▶ [What the task requires]: Only some lines are wanted: please transcribe exactly those from the one containing "Bald cypress trees, Taxodium" through the end of the data, pictures excluded.

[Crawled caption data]
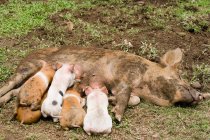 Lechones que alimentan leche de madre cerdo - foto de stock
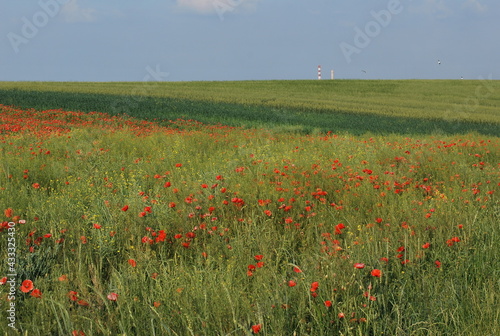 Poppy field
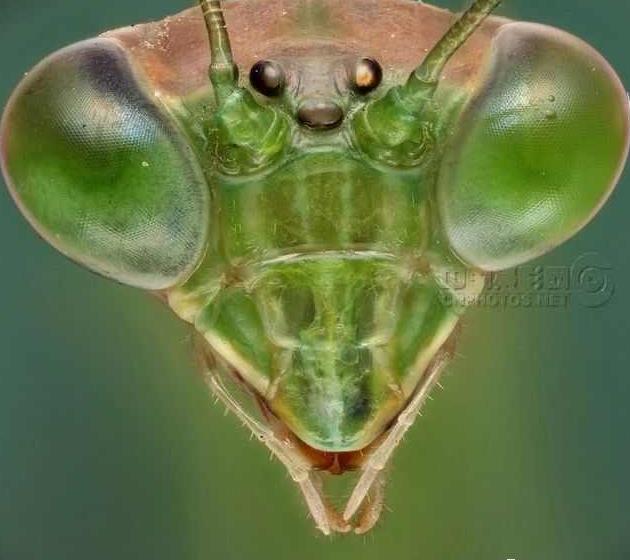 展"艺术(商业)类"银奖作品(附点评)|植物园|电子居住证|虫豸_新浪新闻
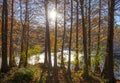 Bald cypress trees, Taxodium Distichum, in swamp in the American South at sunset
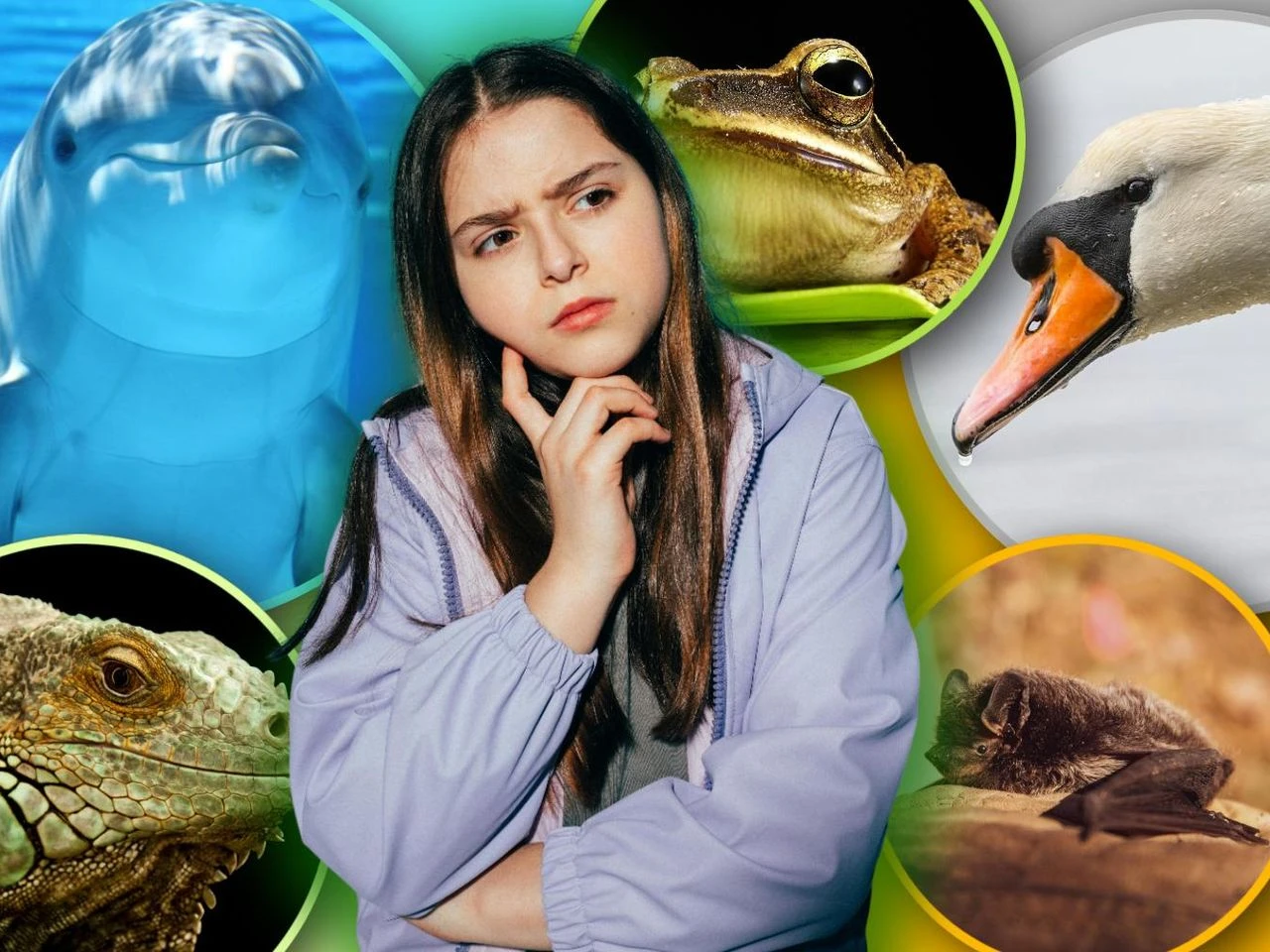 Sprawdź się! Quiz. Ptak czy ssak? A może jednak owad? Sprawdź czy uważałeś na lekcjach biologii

▶ [Exercise response]:
 Bald cypress trees, Taxodium Distichum, in swamp in the American South at sunset
 Sprawdź się! Quiz. Ptak czy ssak? A może jednak owad? Sprawdź czy uważałeś na lekcjach biologii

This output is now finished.